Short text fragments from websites
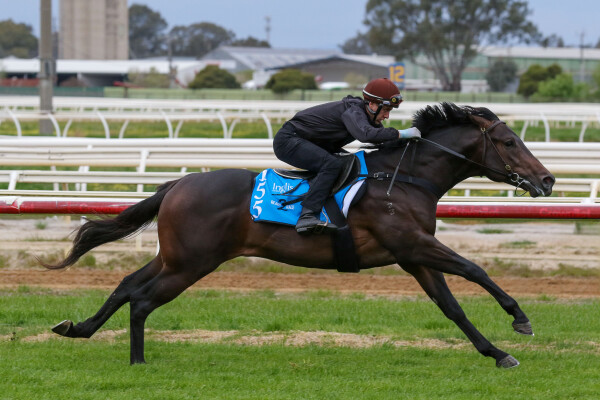 Lot 155: Pinatubo (IRE) / Vain Queen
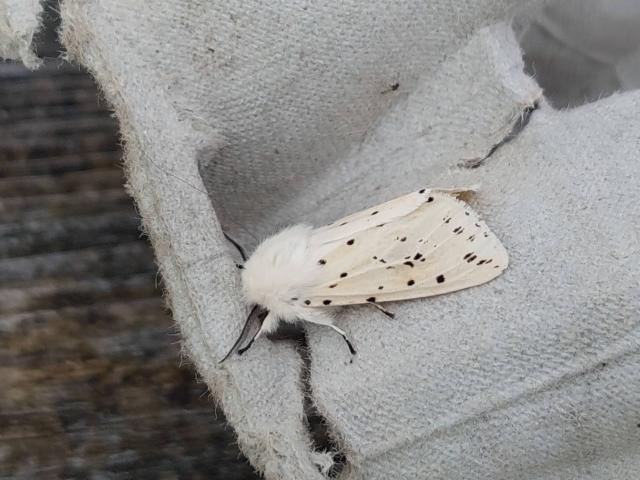 White Ermine moth on an egg carton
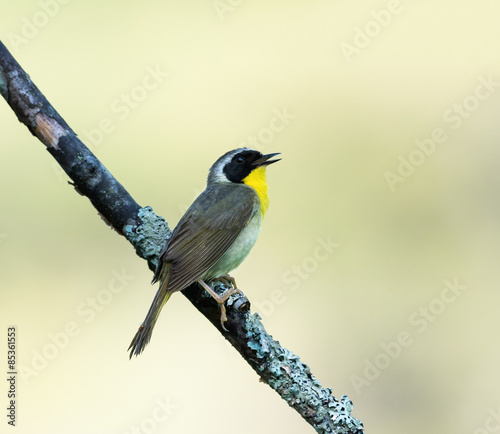 Common Yellowthroat  © FotoRequest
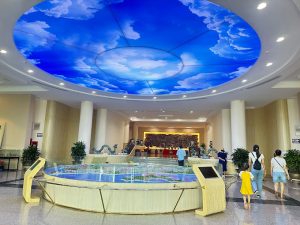 Có Nên Tham Quan Bảo Tàng Bà Rịa Vũng Tàu?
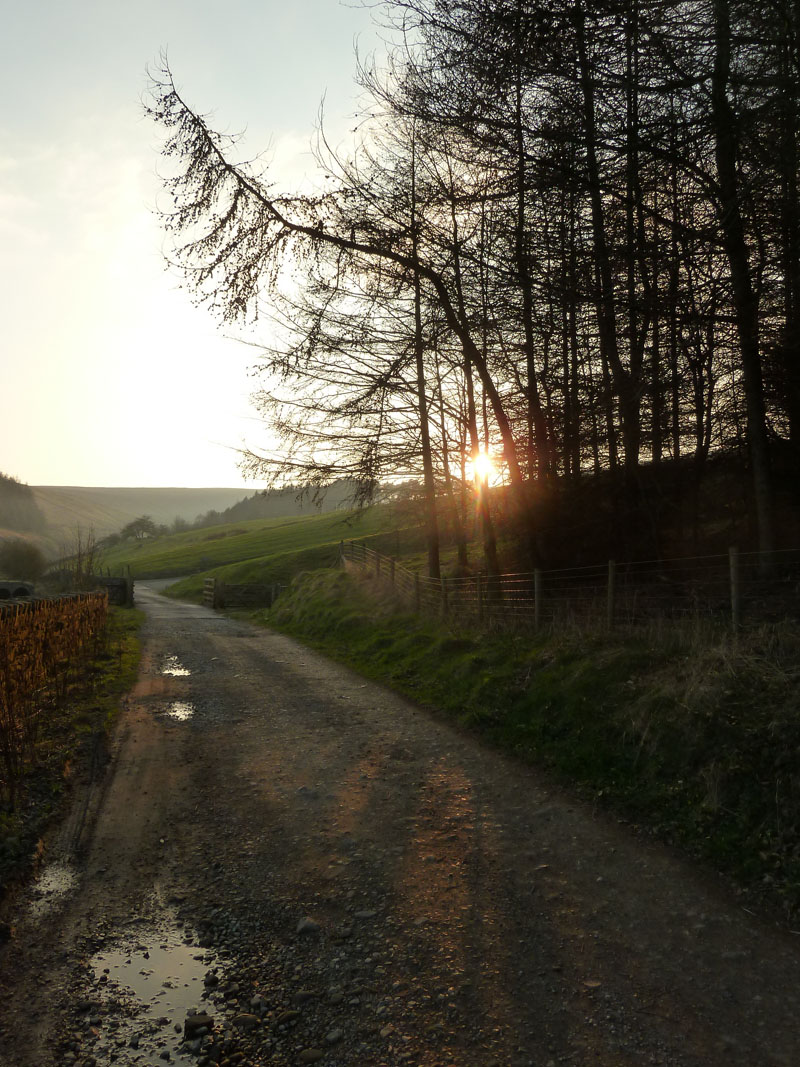 Pendle Walk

→ Exercise aim
All records above are to be repeated exactly, with the images left out.

→ Output of the task
 Lot 155: Pinatubo (IRE) / Vain Queen
 White Ermine moth on an egg carton
 Common Yellowthroat  © FotoRequest
 Có Nên Tham Quan Bảo Tàng Bà Rịa Vũng Tàu?
 Pendle Walk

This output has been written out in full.